Cheers was a hugely successful comedy, running for eleven seasons and 270 episodes between 1982 and 1993. Cheers began with a very simple formula, as a situation comedy set in the titular bar in downtown Boston. Cheers revolves around retired pro baseball pitcher and bar owner Sam Malone, and a cast of characters comprising bar staff and barflies. The first season is set entirely in the bar, and each episode begins with an announcement that it was filmed in front of a live audience. Later seasons include other scenarios as well, moving the action into the homes of some of the characters, and by the end of the third season we even have scenes taking place outside of Boston.

The physical location of the show in a single bar, filmed entirely in front of a live audience, gives the first season of Cheers a wonderful energy and at times it feels almost like watching theatre. The actors sometimes laugh and break down under the comedy of their own lines, and there’s an obvious chemistry at work on set that adds a spark to the show. In particular, there is excellent chemistry between Sam Malone (Ted Danson) and the new barmaid, haughty graduate student Diane Chambers (Shelley Long), which gives the first season real magic. For a comedy filmed well over 30 years ago, the first season is still enormously entertaining, partly because the main storyline (the will they/won’t they dynamic between Sam and Diane) is so timeless. Sometimes the episodes have a theme which belies the show’s age, such as when Sam is pressured by his regulars to exclude some gay customers from the bar. But Sam generally ends up doing the right thing, often under the direct or indirect influence of Diane.

One of the things that makes the first season of Cheers feel so special is that it is a profoundly democratic comedy. At their best, pubs and bars are leveling public spaces where people from different walks of life come together to share their problems or have a laugh over a couple of drinks. Cheers’ iconic intro sequence captures that perfectly, conveying the social importance of bars to community spirit and social bonding. This is carried through to the writing, and over the course of the first season Diane comes to relax and lose some of her superior attitude, while Sam and, to a lesser extent, some of the other denizens of the bar see their moral and cultural level rise ever so slightly. In the first season, Cheers also demonstrates a mature capacity to create rounded characters, generally avoiding the easy option of painting people as caricatures or lazily vilifying them. Sam’s alcoholism is also introduced and handled sensitively, at least at first.

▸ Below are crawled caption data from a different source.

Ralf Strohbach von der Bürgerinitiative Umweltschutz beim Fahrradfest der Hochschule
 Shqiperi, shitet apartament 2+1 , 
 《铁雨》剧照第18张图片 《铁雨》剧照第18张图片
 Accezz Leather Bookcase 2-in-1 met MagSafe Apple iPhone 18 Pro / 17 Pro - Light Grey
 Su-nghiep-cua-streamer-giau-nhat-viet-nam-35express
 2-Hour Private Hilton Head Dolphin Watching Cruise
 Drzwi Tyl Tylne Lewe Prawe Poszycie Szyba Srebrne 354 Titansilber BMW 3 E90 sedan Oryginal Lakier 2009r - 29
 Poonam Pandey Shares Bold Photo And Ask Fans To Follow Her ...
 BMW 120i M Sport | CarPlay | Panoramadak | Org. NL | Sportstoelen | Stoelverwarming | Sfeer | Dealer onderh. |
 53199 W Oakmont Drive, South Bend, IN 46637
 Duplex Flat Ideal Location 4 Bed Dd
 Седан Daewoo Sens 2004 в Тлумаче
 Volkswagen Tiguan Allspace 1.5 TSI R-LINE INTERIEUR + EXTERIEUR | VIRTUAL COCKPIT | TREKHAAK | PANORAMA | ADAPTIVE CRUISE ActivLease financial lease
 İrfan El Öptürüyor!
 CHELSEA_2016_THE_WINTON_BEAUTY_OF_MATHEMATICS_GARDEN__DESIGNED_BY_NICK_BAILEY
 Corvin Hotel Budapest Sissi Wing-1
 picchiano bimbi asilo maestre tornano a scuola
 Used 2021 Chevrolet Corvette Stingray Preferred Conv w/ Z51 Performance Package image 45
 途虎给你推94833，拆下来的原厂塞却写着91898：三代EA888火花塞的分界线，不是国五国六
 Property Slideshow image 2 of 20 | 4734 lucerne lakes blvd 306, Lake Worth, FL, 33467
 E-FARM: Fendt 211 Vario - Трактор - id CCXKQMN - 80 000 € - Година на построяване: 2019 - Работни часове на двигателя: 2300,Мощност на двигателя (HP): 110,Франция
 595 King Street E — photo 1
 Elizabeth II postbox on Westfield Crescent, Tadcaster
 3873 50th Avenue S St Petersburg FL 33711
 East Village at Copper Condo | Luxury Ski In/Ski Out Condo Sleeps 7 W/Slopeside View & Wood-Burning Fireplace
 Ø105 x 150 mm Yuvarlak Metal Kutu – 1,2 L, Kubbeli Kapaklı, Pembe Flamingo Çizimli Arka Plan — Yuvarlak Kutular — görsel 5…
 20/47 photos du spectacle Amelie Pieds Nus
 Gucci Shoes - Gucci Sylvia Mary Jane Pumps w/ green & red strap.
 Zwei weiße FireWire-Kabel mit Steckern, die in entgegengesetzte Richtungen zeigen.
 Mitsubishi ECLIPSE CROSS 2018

The first season of Cheers received critical acclaim, but it wasn’t a ratings hit. It was only with the second season that ratings started to pick up and it slowly became the commercial success it’s now known as. The writing of the second season takes a bit of a turn for the worse, in large measure due to the decision to make Sam play a shitheel role for a number of episodes. This may be important for storyline reasons, but it’s hard as a viewer to see a character you’ve come to like behaving reprehensibly episode after episode. That said, season two is still pretty good, largely for the same reasons as the first, and continues to be very funny for the most part.

Season three sees the introduction of psychiatrist Dr Frasier Crane (Kelsey Grammer), a breakout character who was to star in the frighteningly successful spin-off that bore his name. Frasier is a very welcome introduction to the show, and most of season three’s best moments revolve around Frasier in some way. Unfortunately, the general level of season three is notably inferior to the first two seasons, and the beginning of season three in particular contains some very disappointing episodes. One of the major problems with season three is Sam’s bartender “Coach”, a retired baseball trainer. Coach is supposed to subscribe to the trope of the dimwit with a heart of gold, but the character shows a proneness to selfish and manipulative behaviour which is very unappealing and at times difficult to watch. Coach was fine as a background character but during seasons two and three he takes too much of the spotlight, and his overacting and lame and one-dimensional jokes wear thin very fast.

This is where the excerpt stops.